[Start of Attachment]
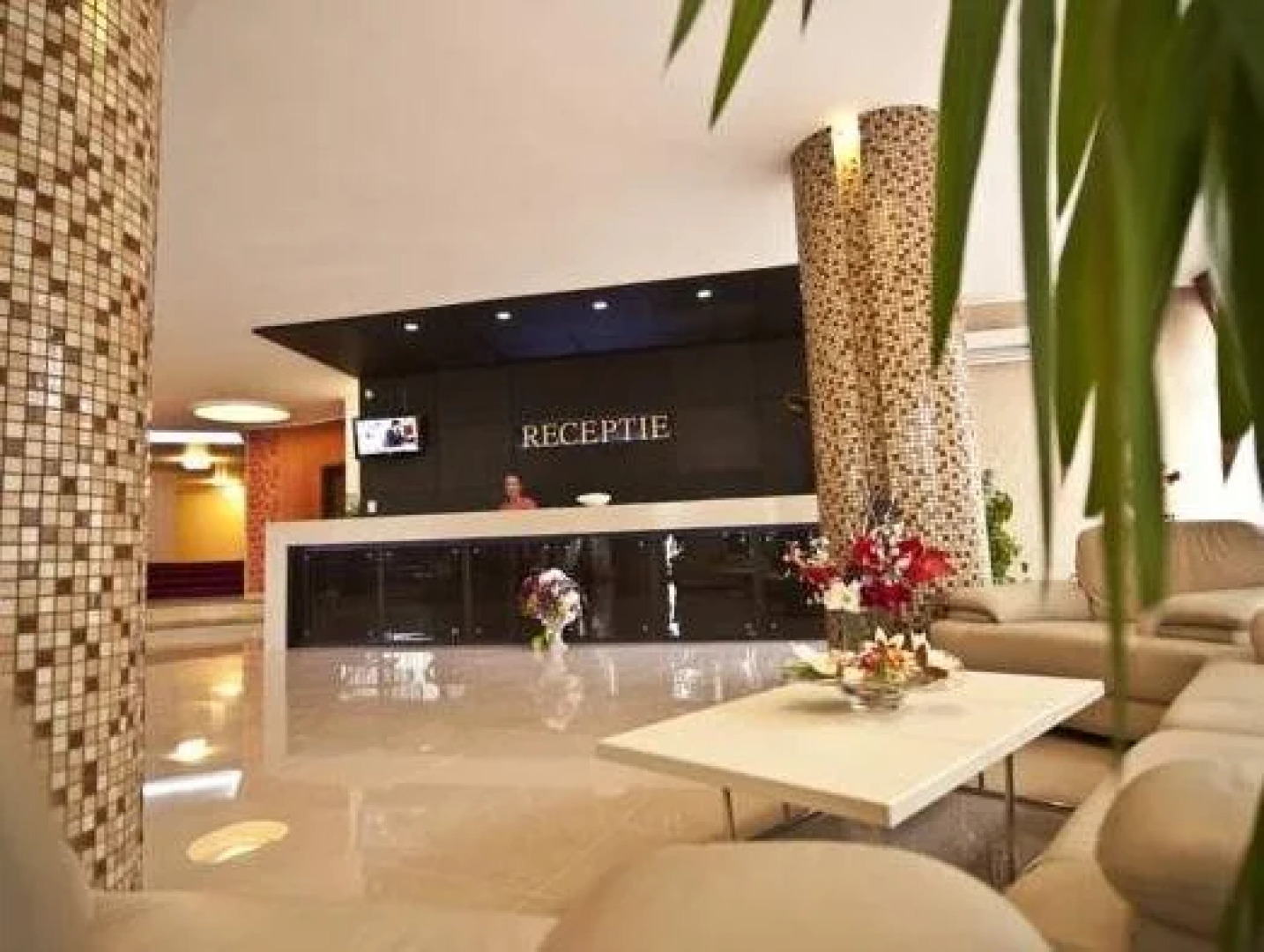 Complex Hotelier Vulturul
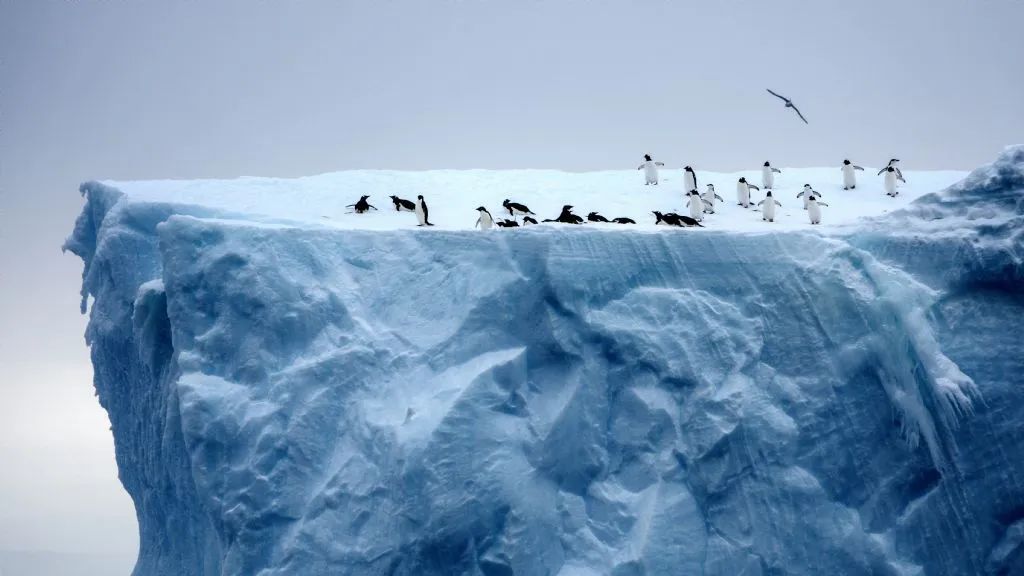香港第14届全国摄影艺术展,第29届全国摄影艺术展览获奖名单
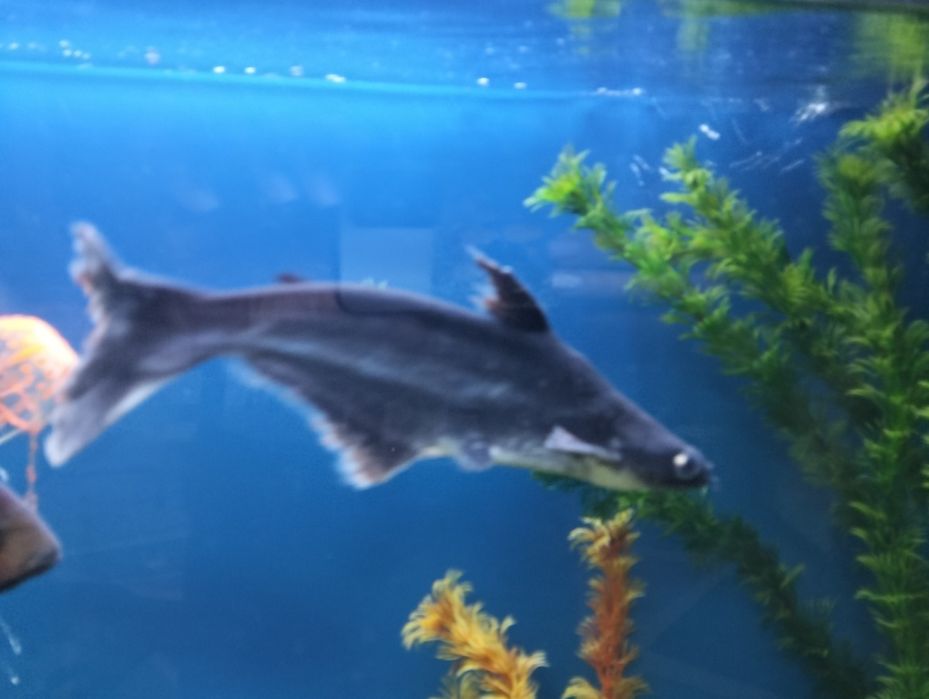 Продам пангасиуса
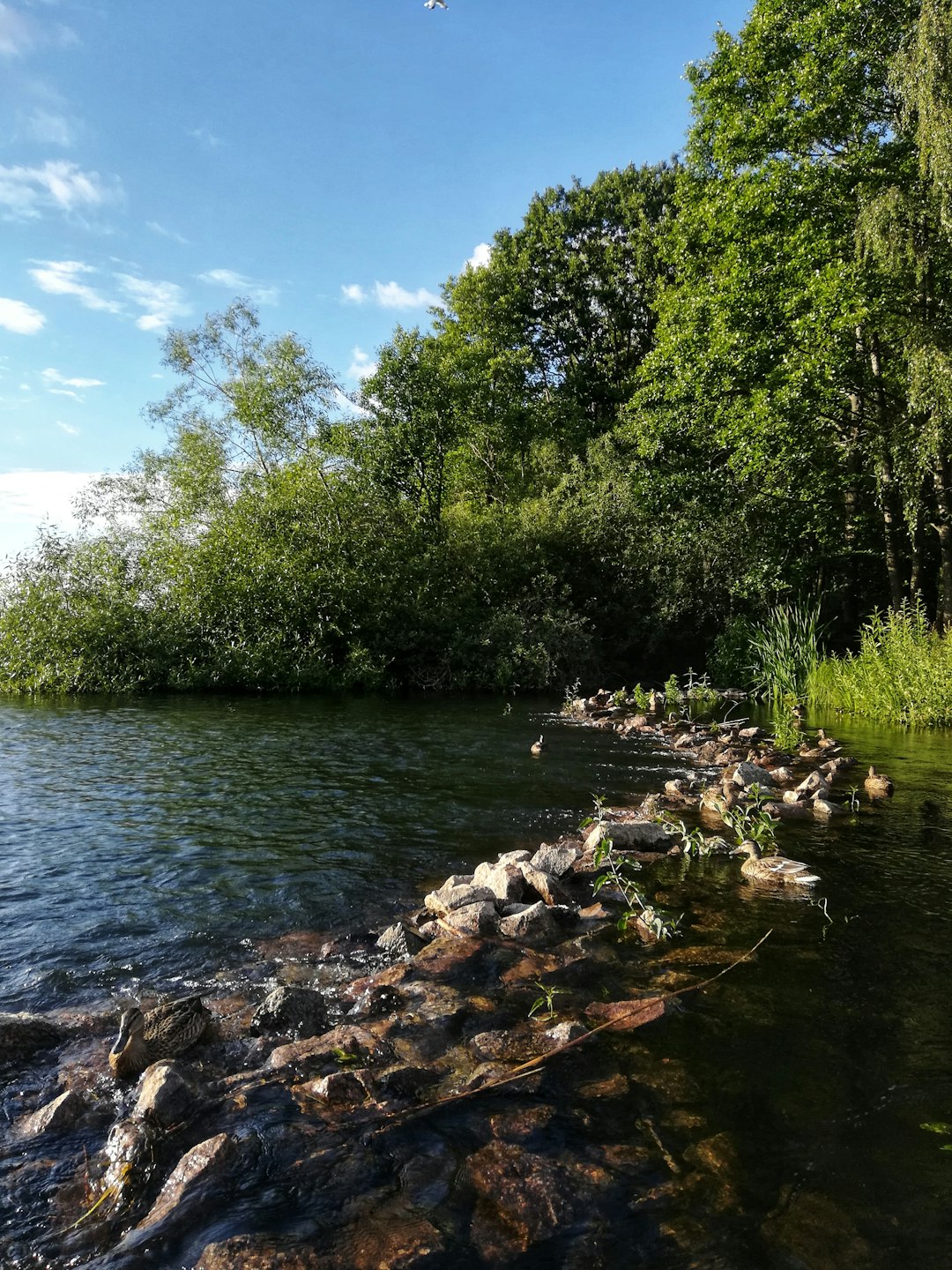 River photo spot Bokhultet Växjö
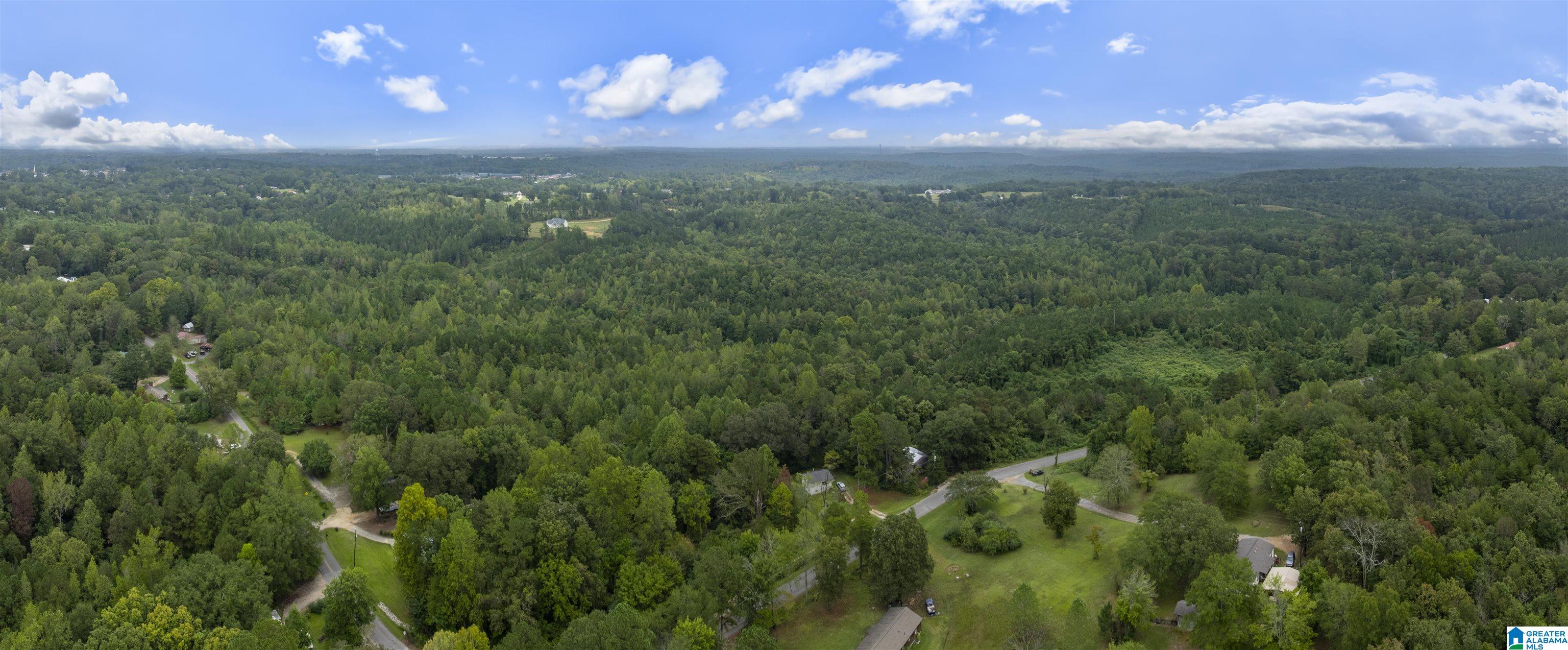 0 Beech Grove Road, Unit 1 Haleyville, AL 35565 - Photo 8 of 12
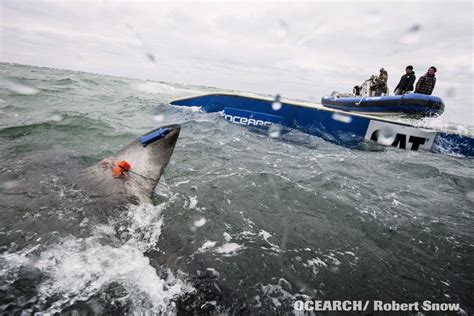 Mapotic Innovated Largest Shark Tracking App For Ocearch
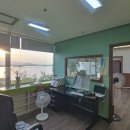 그레이스메리지컨설팅 | 부산기독교결정사로 찾은 새로운 시작, 그레이스메리지컨설팅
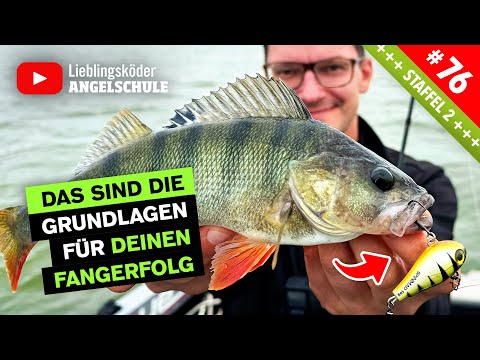SpinMad RICHTIG führen – Profi-Tipps für MEHR Bisse! 🤩🎣👍🏼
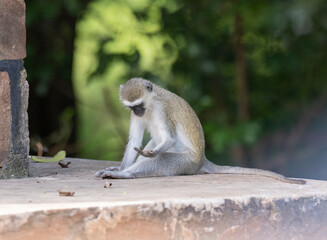 Young baboon looking down with open hand in natural African habitat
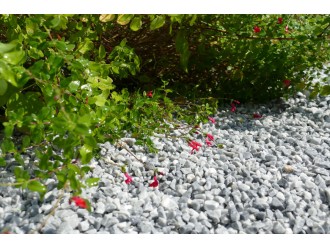 Gravier Gris Clair 6-12 saco 20 Kg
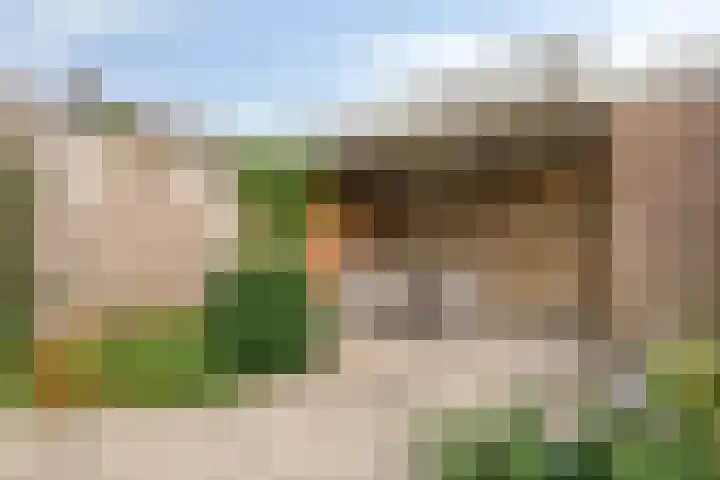 Richard Holpad 3 Oegstgeest thumbnail 44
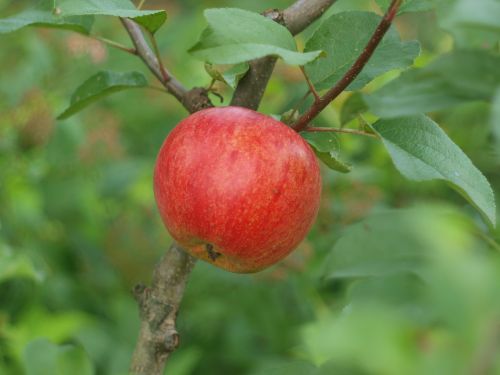 apple apple on the branch apple tree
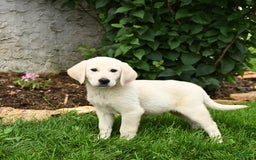 Maremma Sheepdog dogs for sale: Everett - Image 2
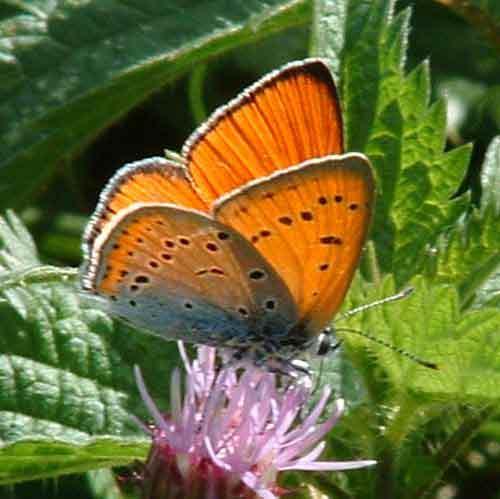 Lycaena dispar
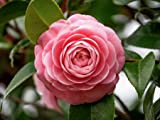 Camelia rosa"Camellia japonica" pianta in vaso ø17 cm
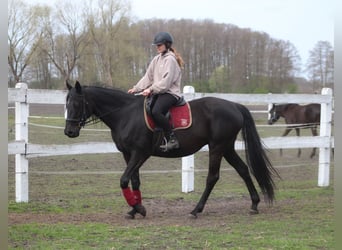 Anglo-Arabo, Giumenta, 11 Anni, 164 cm, Morello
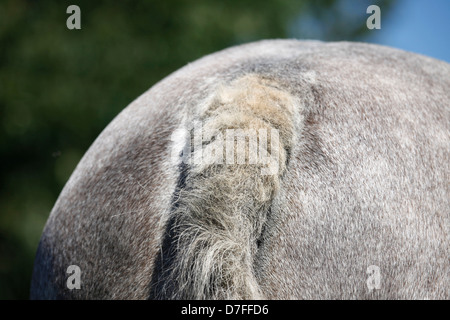 Sommer-Juckreiz Stockfoto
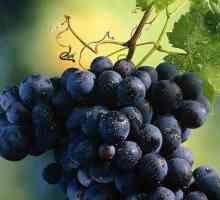 Rochefort е грозде, сортирано на маса. Описание, размножаване чрез резници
[End of Attachment]
Problem details: Leave out the pictures, and please output only the lines from the line that contains "SpinMad RICHTIG führen" through the end of the data, both ends included.

Task solution:
SpinMad RICHTIG führen – Profi-Tipps für MEHR Bisse! 🤩🎣👍🏼
 Young baboon looking down with open hand in natural African habitat
 Gravier Gris Clair 6-12 saco 20 Kg
 Richard Holpad 3 Oegstgeest thumbnail 44
 apple apple on the branch apple tree
 Maremma Sheepdog dogs for sale: Everett - Image 2
 Lycaena dispar
 Camelia rosa"Camellia japonica" pianta in vaso ø17 cm
 Anglo-Arabo, Giumenta, 11 Anni, 164 cm, Morello
 Sommer-Juckreiz Stockfoto
 Rochefort е грозде, сортирано на маса. Описание, размножаване чрез резници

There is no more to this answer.